---- Working data
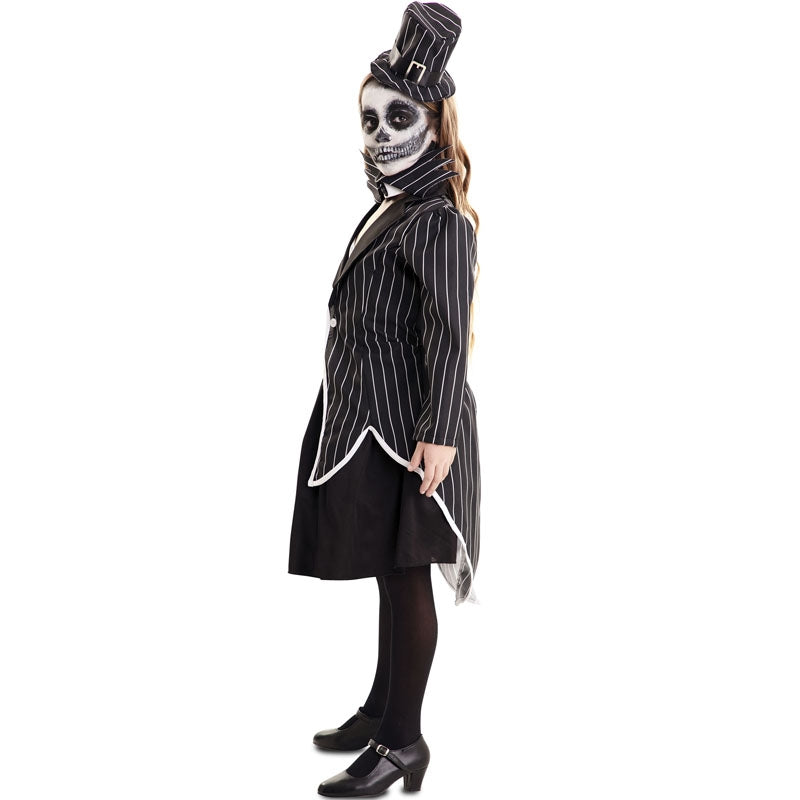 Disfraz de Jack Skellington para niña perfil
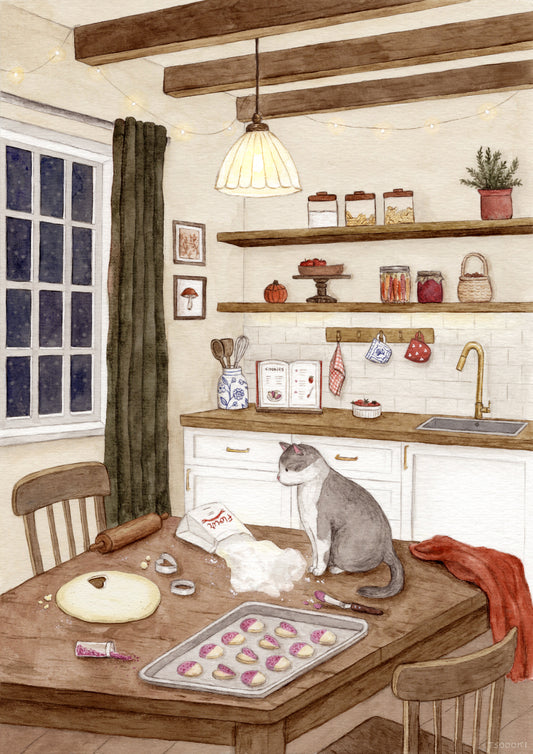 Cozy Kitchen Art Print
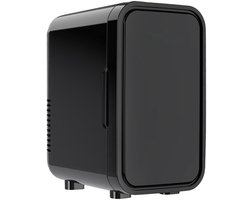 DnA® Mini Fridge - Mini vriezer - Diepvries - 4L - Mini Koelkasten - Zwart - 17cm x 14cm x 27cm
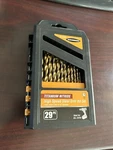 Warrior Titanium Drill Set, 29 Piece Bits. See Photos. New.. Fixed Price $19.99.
--------
---- Working data
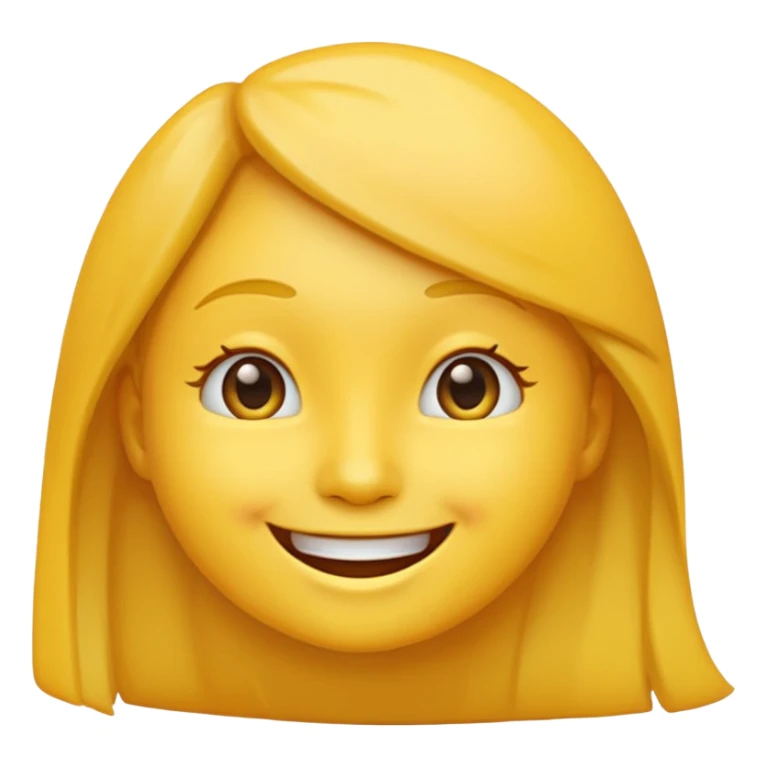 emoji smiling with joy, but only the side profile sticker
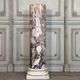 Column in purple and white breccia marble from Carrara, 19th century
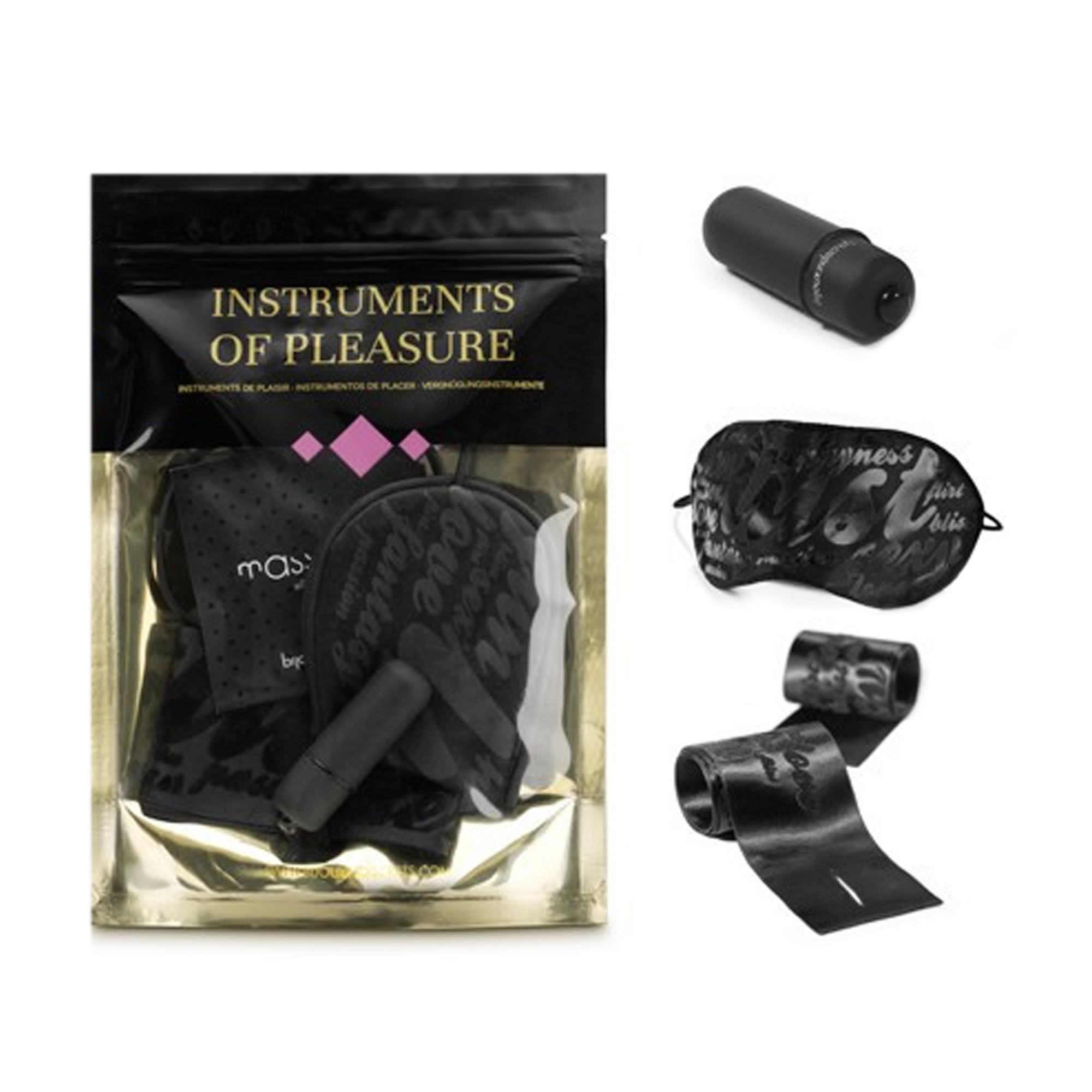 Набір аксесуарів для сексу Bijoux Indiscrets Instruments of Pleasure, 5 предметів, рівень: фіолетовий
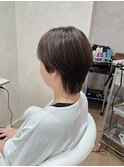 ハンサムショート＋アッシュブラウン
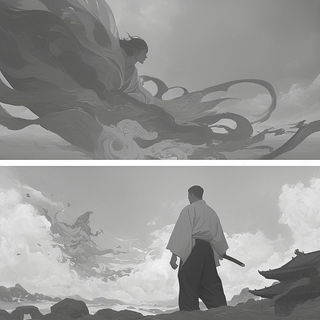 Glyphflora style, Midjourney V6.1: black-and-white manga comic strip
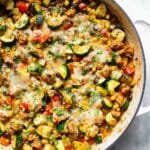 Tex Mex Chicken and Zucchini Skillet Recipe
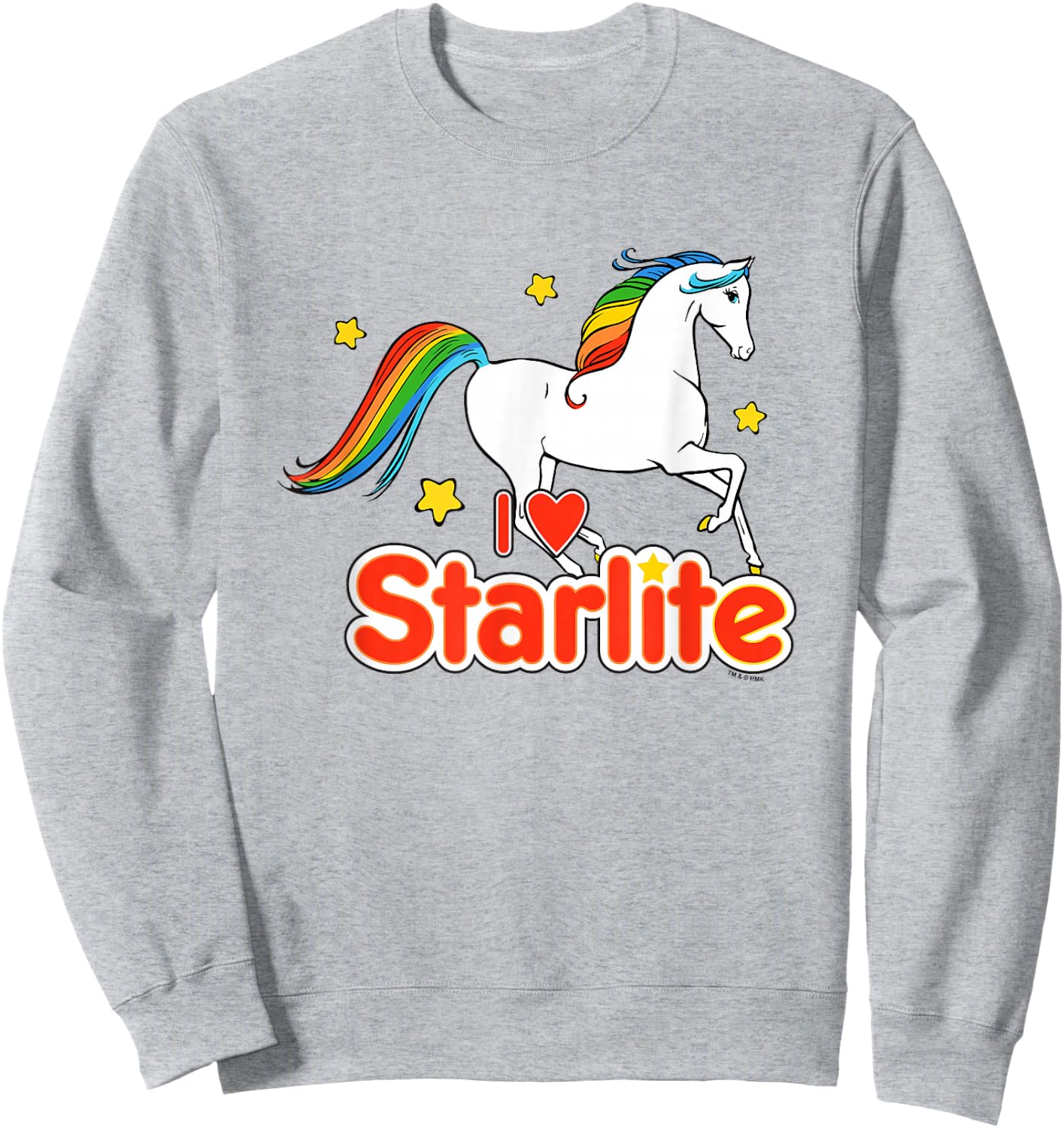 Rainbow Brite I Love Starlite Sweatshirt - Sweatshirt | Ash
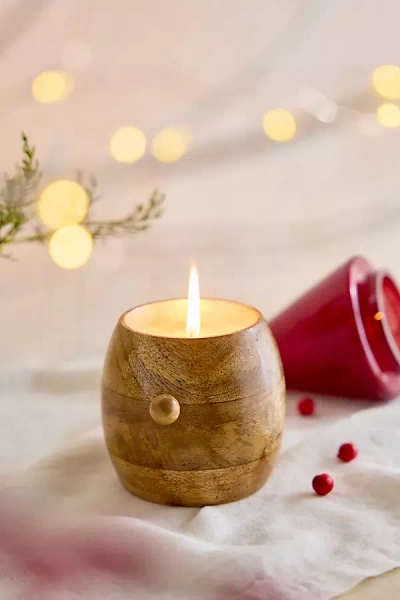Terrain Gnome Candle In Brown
--------
* **What to do**:
Please copy the lines above exactly, starting at the line that holds "Column in purple" and ending at the line that holds "Terrain Gnome Candle In Brown"; include both, but no pictures.

* **Finished exercise**:
 Column in purple and white breccia marble from Carrara, 19th century
 Набір аксесуарів для сексу Bijoux Indiscrets Instruments of Pleasure, 5 предметів, рівень: фіолетовий
 ハンサムショート＋アッシュブラウン
 Glyphflora style, Midjourney V6.1: black-and-white manga comic strip
 Tex Mex Chicken and Zucchini Skillet Recipe
 Rainbow Brite I Love Starlite Sweatshirt - Sweatshirt | Ash
Terrain Gnome Candle In Brown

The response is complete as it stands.